世界システム論で紐解く現代史

川北(2016)によれば、世界システム論とは、近代世界を1つの巨大な生き物のように考え、近代の世界史をそうした有機体の展開過程としてとらえる見方である。つまり、世界の歴史について、ヨーロッパ中心史観を否定し、少なくとも16世紀以降は、ヨーロッパと非ヨーロッパ世界が一体となって、相互に複雑に影響しあいながら展開してきたと考えるわけである。とはいえ、現在に至る世界システムがヨーロッパ的であることを川北は否定しない。決して、イスラムを中心とした世界システムとか、東南アジアを中心とした世界システムが地球を一体化させたわけではないのである。
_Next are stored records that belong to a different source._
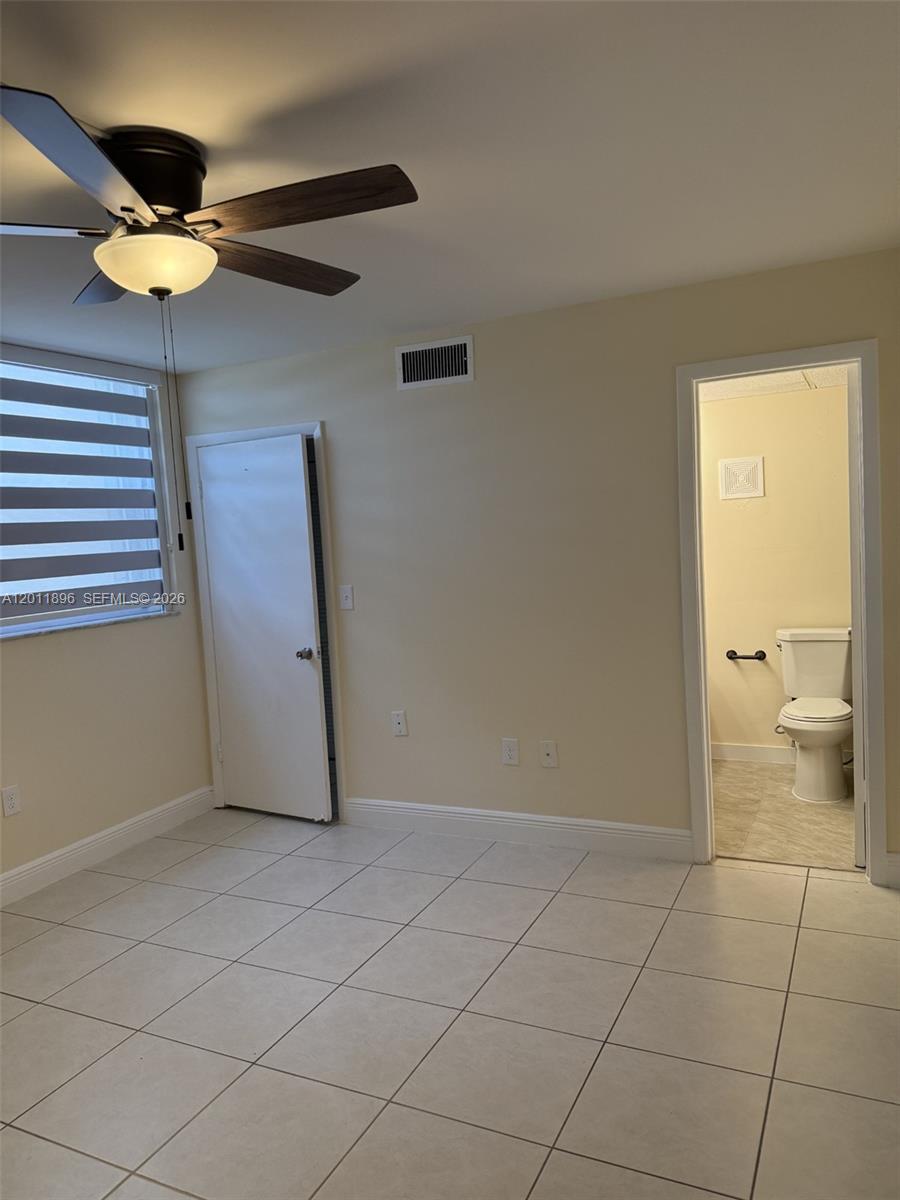 9411 Southwest 4th Street, Unit 111 Miami, FL 33174 - Photo 12 of 20 a view of an empty room and a chandelier fan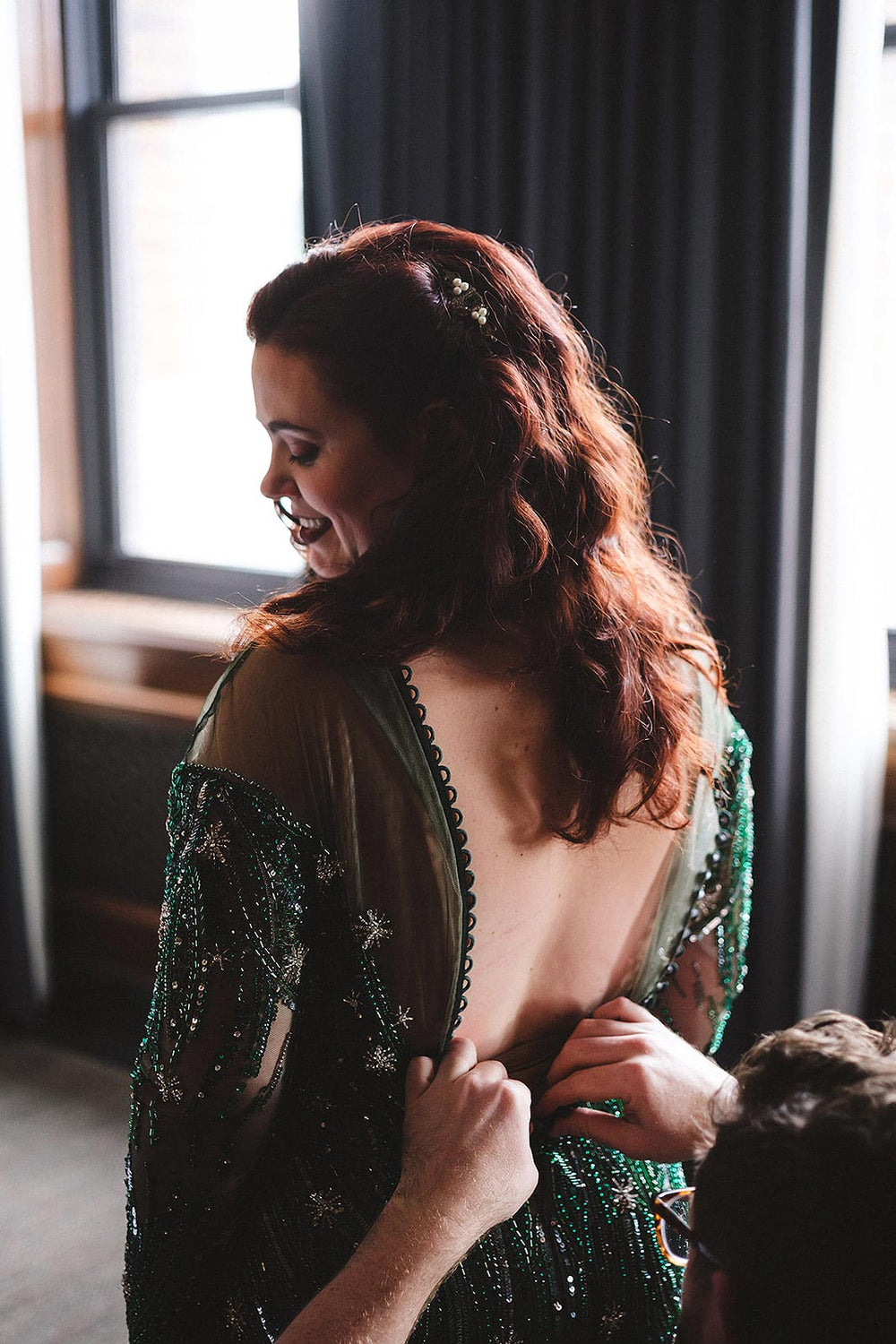 Getting-ready moment showing the groom fastening the illusion tulle open back of the Jessica green wedding dress by Angela Kim Couture, with the crystal and sequin star-motif beaded sleeves in sharp detail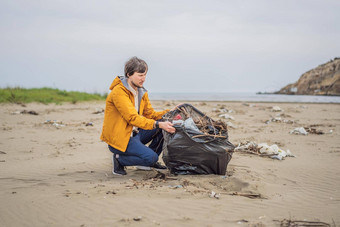 塑料垃圾海海洋污染海滩清洁年轻的男人。挑选塑料瓶沙子海岸环境积极分子收集垃圾保存地球自然保护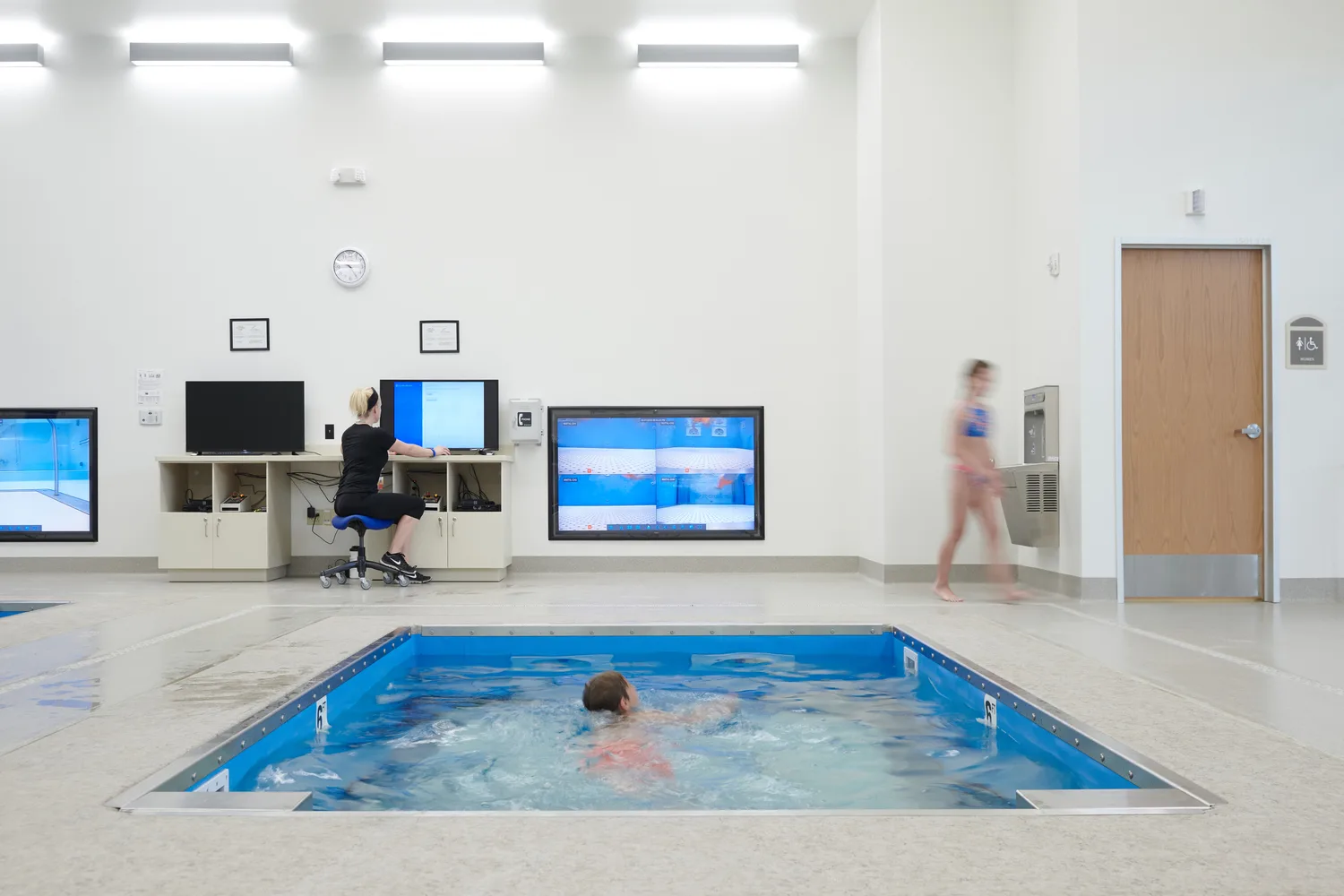 An indoor sports training and rehabilitation facility with two small interior pools for exercise and physical therapy. A woman in exercise clothing sits at a large computer surrounded by TV screens showing an underwater view of the pool to monitor patient movement. A child is swimming in the pool. The high-ceiling space features white hexagonal acoustic panels and industrial-style lighting. This photo demonstrates BSA's expertise in architecture, engineering, and designing Sports Medicine facilities.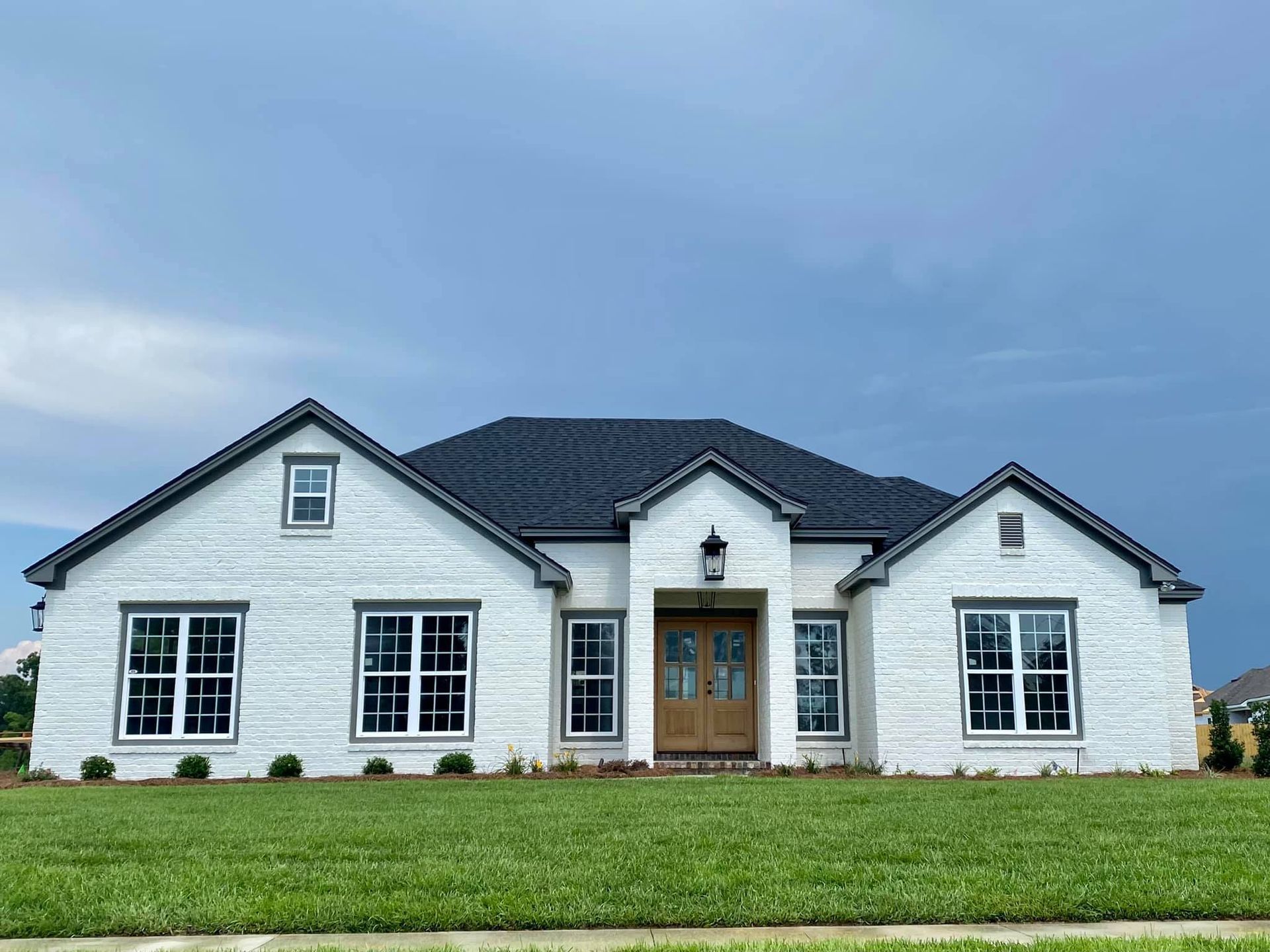 White brick house with black trim and dark roof under a cloudy sky.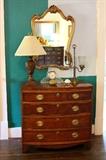 Hepplewhite style mahogany chest of drawers, Alabaster table lamp;  Brass student lamp;  Mid century gilded mirror
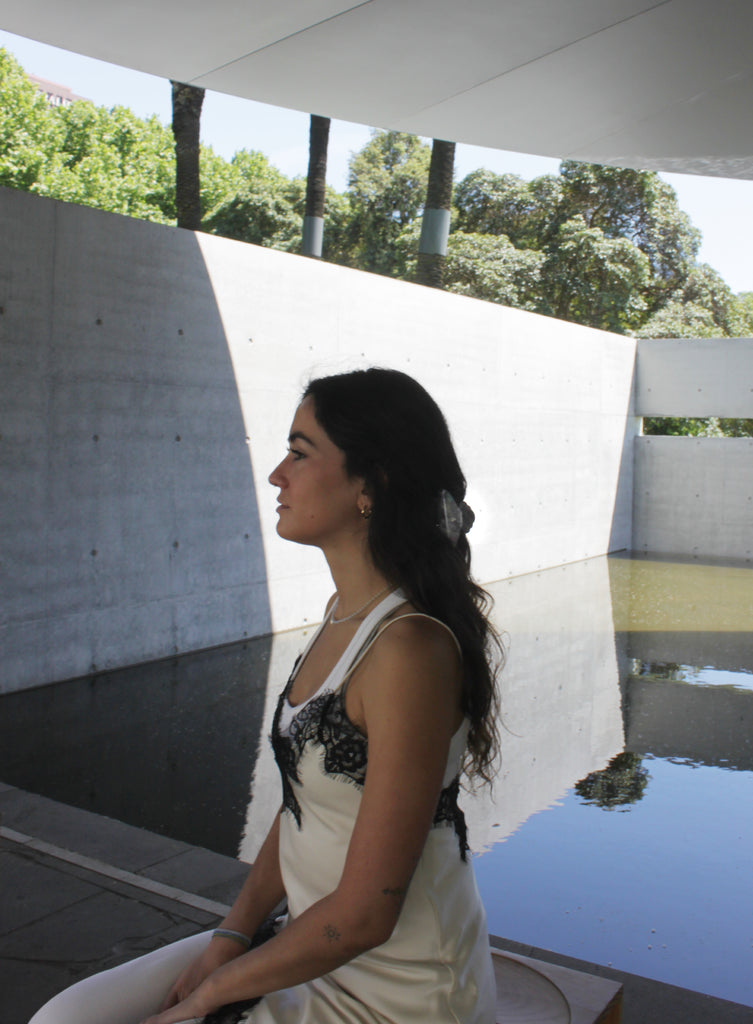 Woman with long dark hair standing against a light-colored wall with hair claw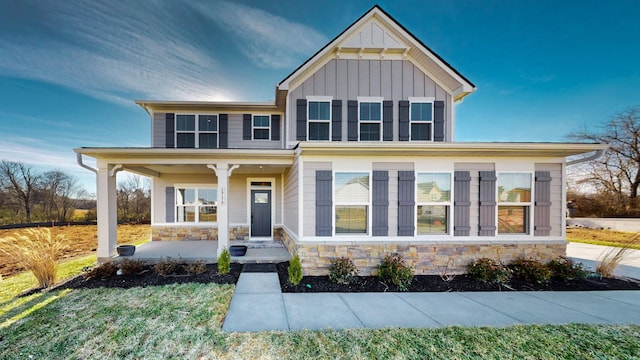 view of front of property featuring stone siding, a porch, and board and batten siding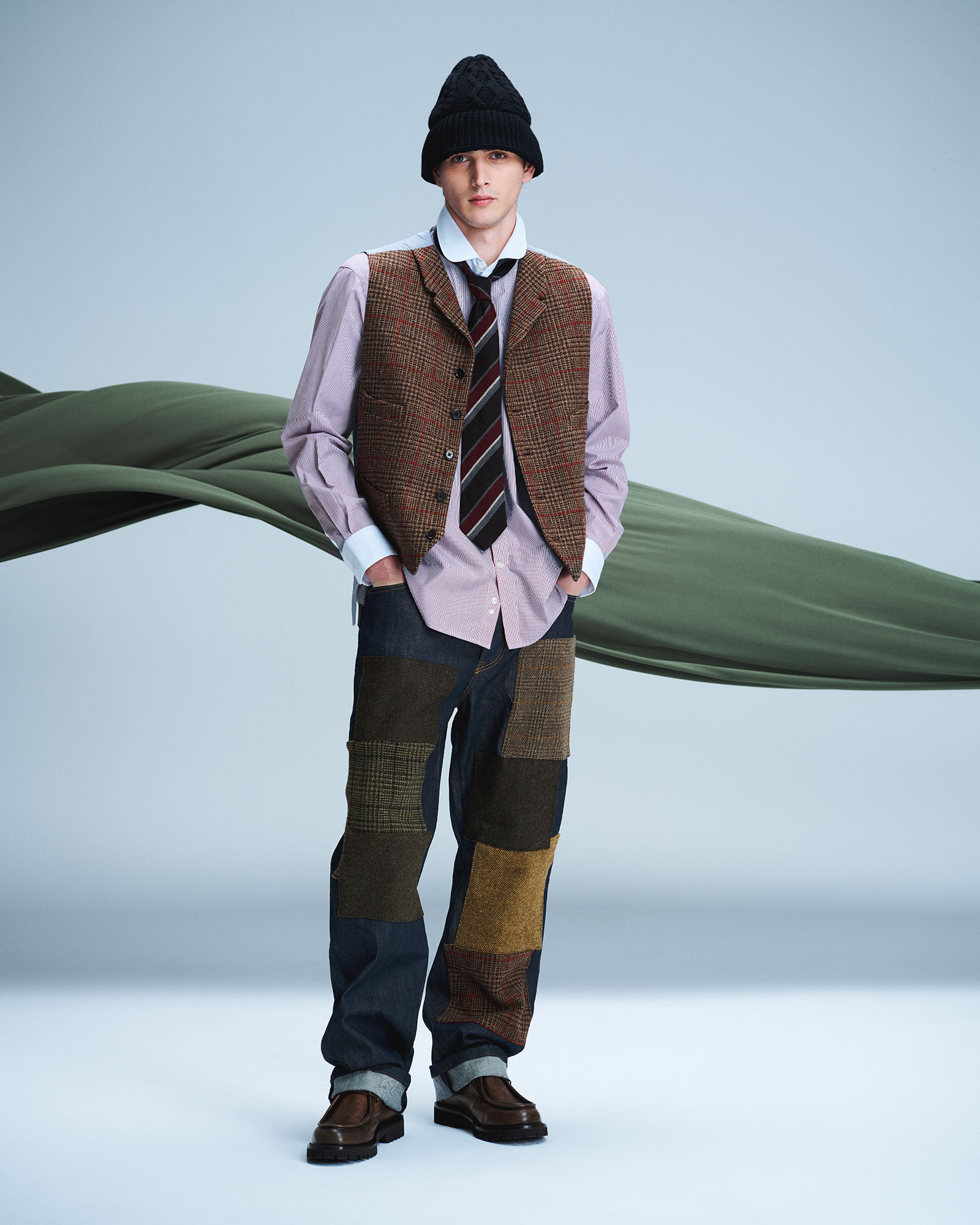 Uomo con camicia, gilet a quadri e pantaloni patchwork, con berretto nero e mocassini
つまり、1500年ごろ以降の歴史において、ヨーロッパ的・資本主義的な世界システムが地球を覆うようになり、地球上に存在したさまざまな「世界」が、ヨーロッパを中心とする「近代世界システム」に吸収されたいったのだと川北はいう。その要因としては、ヨーロッパ発のこのシステムには「飽くなき成長・拡大」を追求する内的動機(成長パラノイア)が内蔵されていたことにあるという。

 

世界システム論の視点から世界史を理解するうえで重要なのは、歴史は「国」を」単位として動くのではないということだと川北は指摘する。近代の世界は1つのまとまったシステム(構造体)を成しているので、すべての国の動向は「一体としての世界」つまり世界システムの動きの一部でしかないのである。例えば、「イギリスは工業化されたが、インドされなかった」のではなく、「イギリスが工業化したために、その影響を受けたインドが容易に工業化できなくなった」と理解するのである。今日の南北問題にしても、北の国々が工業化され、開発される過程そのものにおいて、南の諸国がその食糧・原材料生産地として猛烈に開発された結果、経済や社会のあり方が歪んんでしまったことから生じたのだというわけである。南と北は、単一の世界システムすなわち世界的な分業体制をなし、それぞれの生産物を大規模の交換することで初めて世界経済が成り立つことになったことを意味しているのである。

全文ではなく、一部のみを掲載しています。